- Episode no.: Season 6 Episode 21
- Directed by: Bill L. Norton
- Written by: Doug Petrie
- Production code: 6ABB21
- Original air date: May 21, 2002

Guest appearances
- Danny Strong as Jonathan Levinson; Tom Lenk as Andrew Wells; Jeff Kober as Rack; Anthony Stewart Head as Rupert Giles; James C. Leary as Clem; Steven W. Bailey as Cave Demon; Jeff McCredie as Officer; Damian Mooney as Patrol Cop; Michael Younger as Truck Driver;

Episode chronology
| ← Previous "Villains" | Next → "Grave" |
- Buffy the Vampire Slayer season 6

= Two to Go =

"Two to Go" is the 21st episode of season 6 of the television show Buffy the Vampire Slayer. The episode aired on May 21, 2002 on UPN. The name of the episode is a reference to the previous one, which ends with Willow saying "One down" after killing Warren. Despite having died, Tara Maclay remains in brief scenes that are part of the opening credits.

This episode, and its second part, "Grave", were shown, back-to-back, as a two-hour feature on its original airing in both the United States and United Kingdom – consequently, the presentation of this episode on DVD includes credits such as "Grave" Written by...

Joss Whedon wanted to keep Anthony Stewart Head's appearance in this episode a surprise, and thus left him off of the main cast list; Head is listed as a 'special guest' in the closing credits. Whedon also does this in Angel for Julie Benz in "To Shanshu in L.A.", Eliza Dushku in "Judgment", Juliet Landau in "The Trial" and Alyson Hannigan in "There's No Place Like Plrtz Glrb".

==Plot==
While Spike continues to pass trials in his quest in Africa, Buffy, Xander, and Anya try to pursue Willow, who has killed Warren to avenge his murder of Tara and now plans to execute his two jailed accomplices. They discover that Willow has damaged Xander's car to prevent them from catching her. Buffy continues her pursuit on foot.

Anya teleports into Jonathan and Andrew's cell shortly before Willow arrives. Anya and Buffy manage to evade Willow's attack and slip away with the two men. As Xander drives them away in a stolen police cruiser, Willow attacks them with a truck she is wielding magically; but her overuse of magic has drained her power, and they escape.

Dawn and Clem decide to go to the dark magician Rack's lair, expecting Willow to try to deal with him to recharge her powers. Buffy, Xander and Anya regroup at the Magic Box and debate their course of action. Buffy believes she can convince Willow to relent, but the others disagree; Buffy heads for Rack's, alone. Xander admits to Anya that he might have been able to stop Warren before he fired on Buffy and Tara, but was afraid to intervene, unarmed.

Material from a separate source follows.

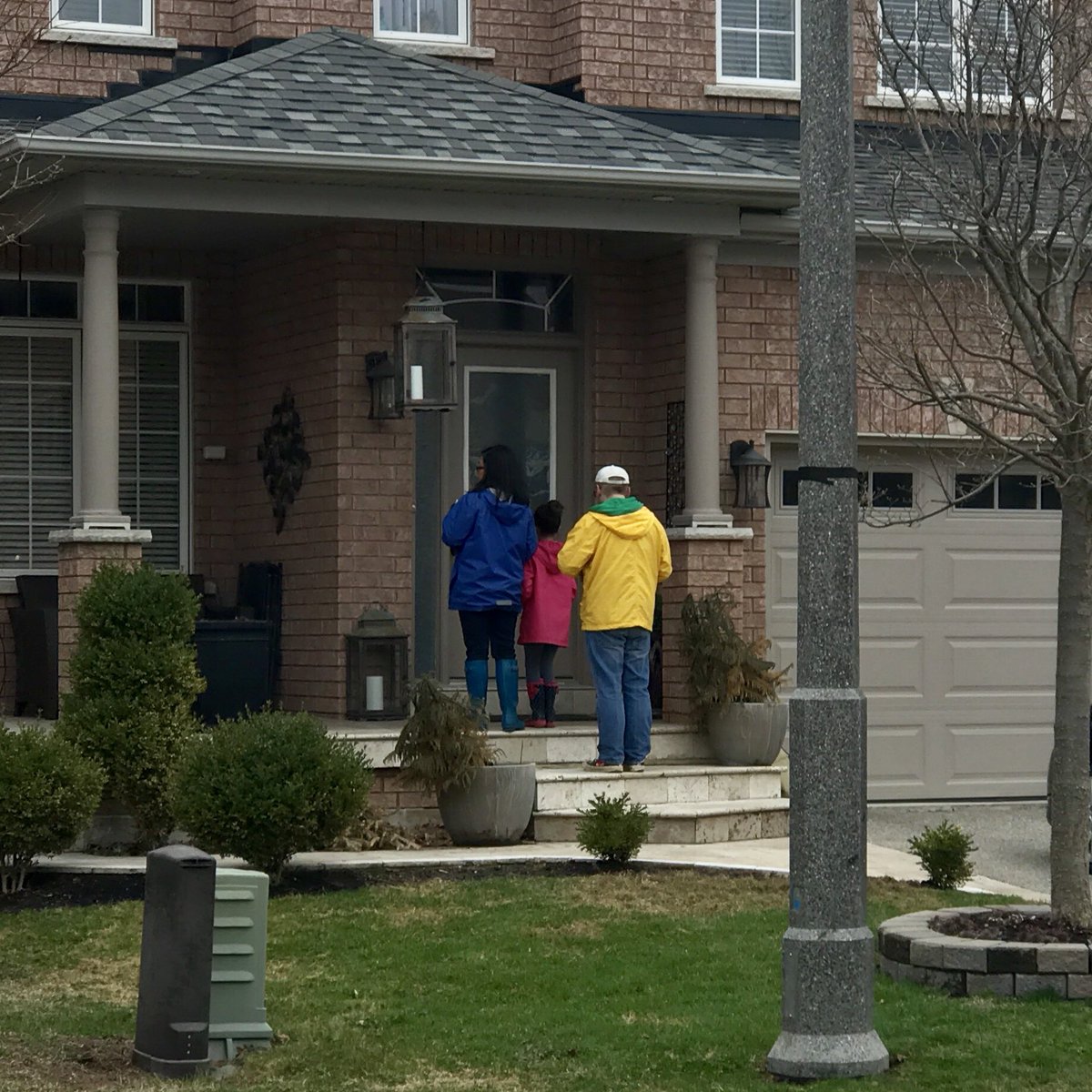 AlvinTedjo's tweet photo. Families who canvass together... win elections! Our volunteers bring coffee and kids with them 😂😂😂 See you on the trail! #TeamTedjo #Oakville #WhoWeFightFor https://t.co/HXjCDOw53K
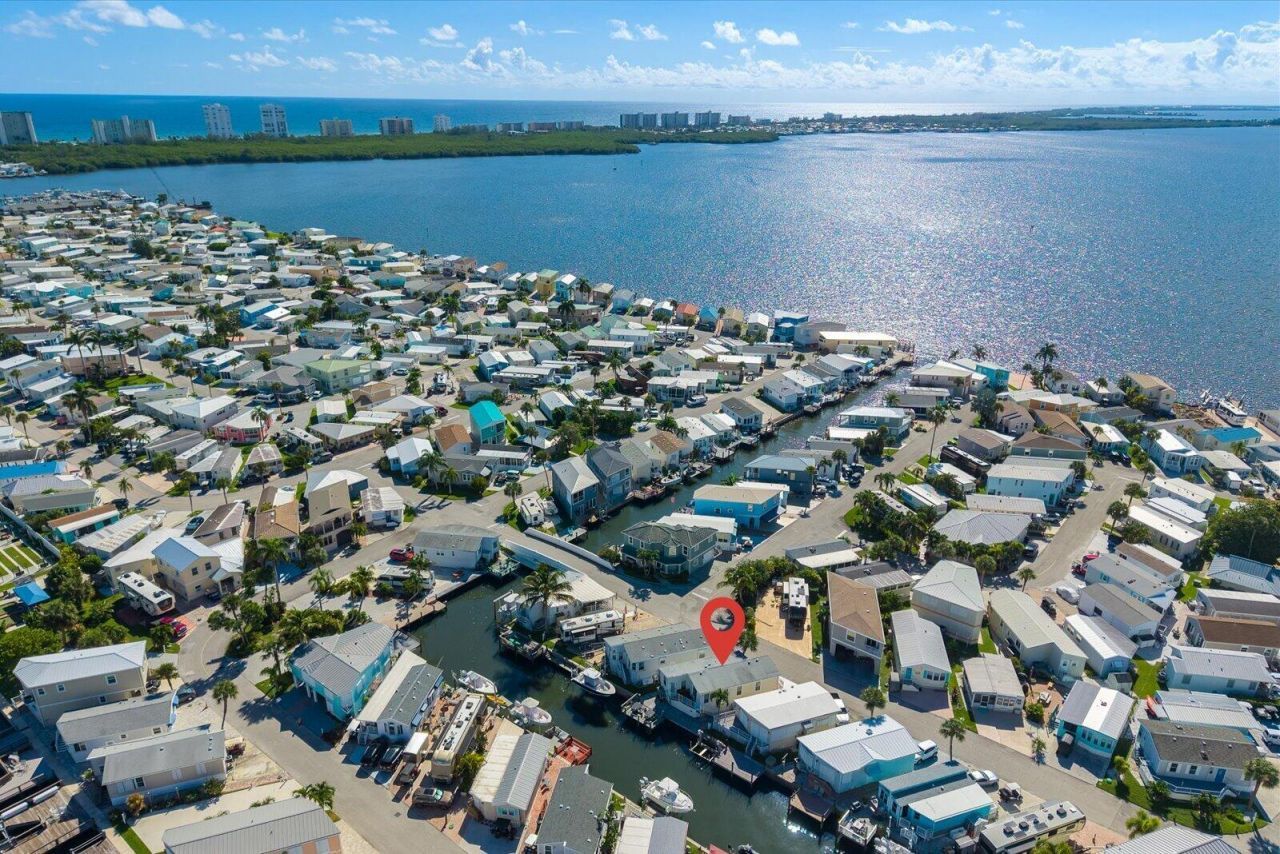 1092 Nettles Boulevard, Jensen Beach, FL 34957 Photo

Willow meets with Rack, who attempts to seduce her. She rejects his advances, drains his power and kills him, just as Dawn arrives. Dawn's effort to calm the much more powerful Willow prove futile and serve only to annoy her, but Buffy arrives before she acts against Dawn. Buffy tries to talk with Willow, who replies that nothing in the world matters anymore since Tara's death. Willow teleports the group back to the Magic Shop, where Buffy and Dawn collapse. As Willow attacks, Anya fires up a protection spell to shield Jonathan and Andrew. As Willow intensifies her attack, Buffy tries a physical attack, allowing all but Anya to escape.

Willow subdues Buffy, then disables Anya and negates her protection spells. As she declares her victory, she is struck down by a bolt of energy from an arriving Giles.

==Reception==
In 2023, Rolling Stone, ranked this episode as #114 out of the 144 episodes in honor of the 20th anniversary of the show's ending.

Screen Rant named it an episode including some of "The Best 60 Seconds From All 7 Seasons." "A minute at the end of the episode depicts Willow's beating down of Buffy and her cockiness at how powerful she's become. She suggests there's nobody in the world with the power to stop her rampage just before a bolt of mystical energy smashes her to the ground. It's revealed to be Giles, absent for most of the season, returning with the power to subdue Willow. The minute ends with Giles challenging Willow's suggestion, saying, "I'd like to test that theory."